Stroke in Adults With Congenital Heart Disease

Study Questions:

What are the incidence, cumulative risk, and predictors of stroke in adults with congenital heart disease (ACHD)?


A retrospective, population-based, cohort study was performed using the Québec Congenital Heart Disease Database.


A total of 29,638 ACHD patients ages 18-64 years were studied from 1998-2010. The cumulative risk of ischemic stroke estimated up to age 64 was 6.1% (95% confidence interval [CI], 5.0-7.0%) in women and 7.7% (95% CI, 6.4-8.8%) in men. The risk of hemorrhagic stroke was 0.8% (95% CI, 0.4-1.2%) in women and 1.3% (95% CI, 0.8-1.8%) in men. Compared to rates reported for the general population, age-sex-standardized incidence rates of ischemic stroke were 9-12 times higher below age 55 and 2-4 times higher for those ages 55-64 years. Hemorrhagic stroke rates were 5-6 times higher than the general population for the younger group and 2-3 times higher for the older group. Using a combination of stepwise model selection and Bayesian model averaging, the strongest predictors of ischemic stroke were heart failure (odds ratio [OR] for age group 18-49 years, 5.94 [95% CI, 3.49-10.14]; age group 50-64 years: OR, 1.68 [95% CI, 1.06-2.66]), diabetes (OR, 2.33 [95% CI, 1.66-3.28]), and recent myocardial infarction (OR, 8.38 [95% CI, 1.77-39.58]).
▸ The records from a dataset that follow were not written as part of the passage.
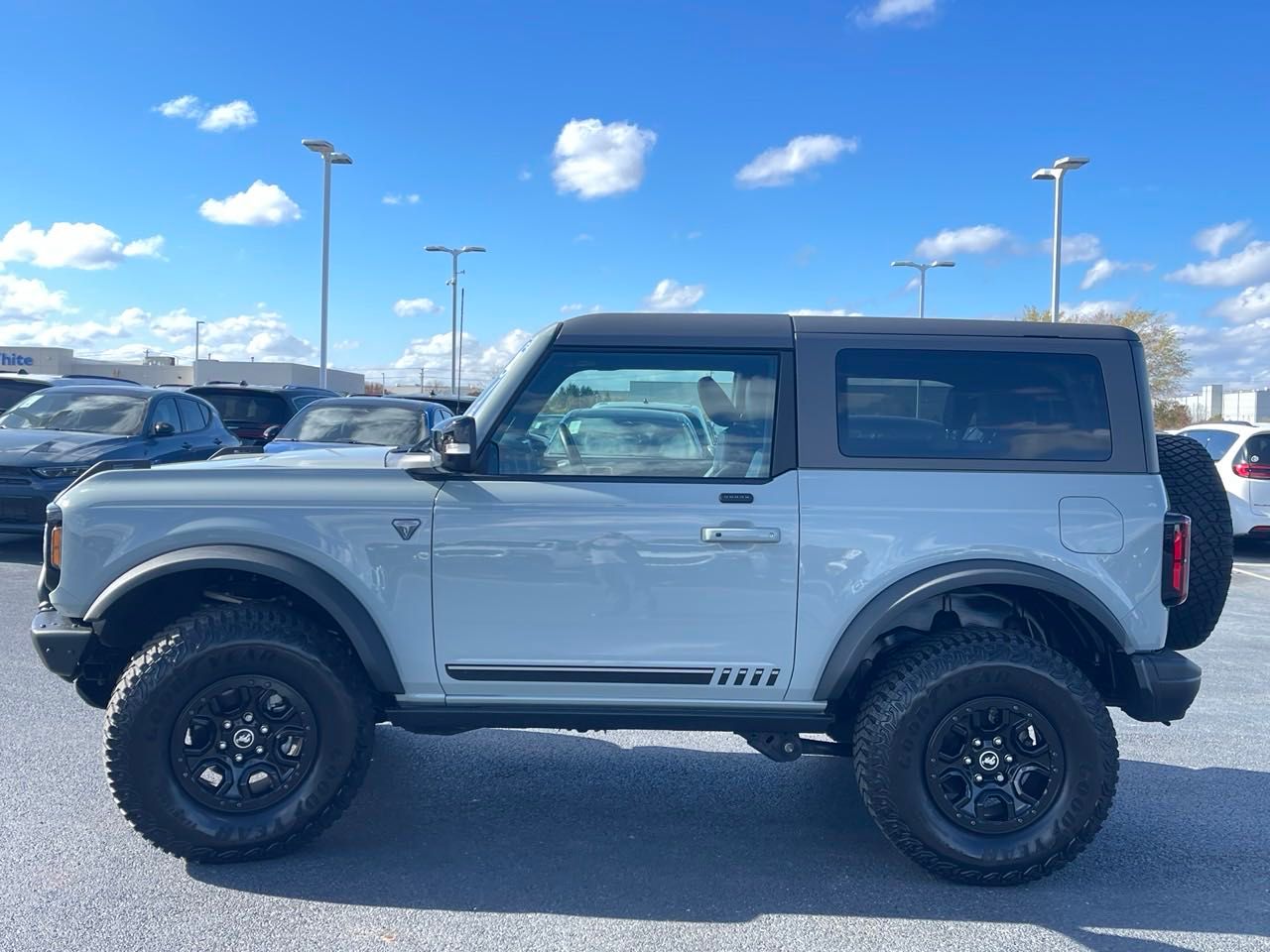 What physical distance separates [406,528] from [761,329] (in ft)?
4.97

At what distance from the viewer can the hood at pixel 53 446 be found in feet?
30.3

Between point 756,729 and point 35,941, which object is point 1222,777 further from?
point 35,941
The authors concluded that stroke incidence is considerably higher for ACHD than the general population. This is particularly true in younger patients. The most important predictors for ischemic stroke were heart failure, diabetes, and recent myocardial infarction.


This population-based study assessed the incidence of ischemic and hemorrhagic stroke in patients with CHD using a provincial database. The incidence of stroke was much higher in patients with CHD than in the general population. Given the high rate of atrial arrhythmias in patients with CHD, one might speculate that atrial arrhythmia might have been associated with increased risk for stroke. However, this did not appear to be an independent predictor in this population. Generic risk factors such as heart failure, diabetes, and recent myocardial infarction did appear to be significant. Given the high rate of stroke, it will be important to better understand the etiology and determine whether indications for anticoagulation need to be broadened in this patient population.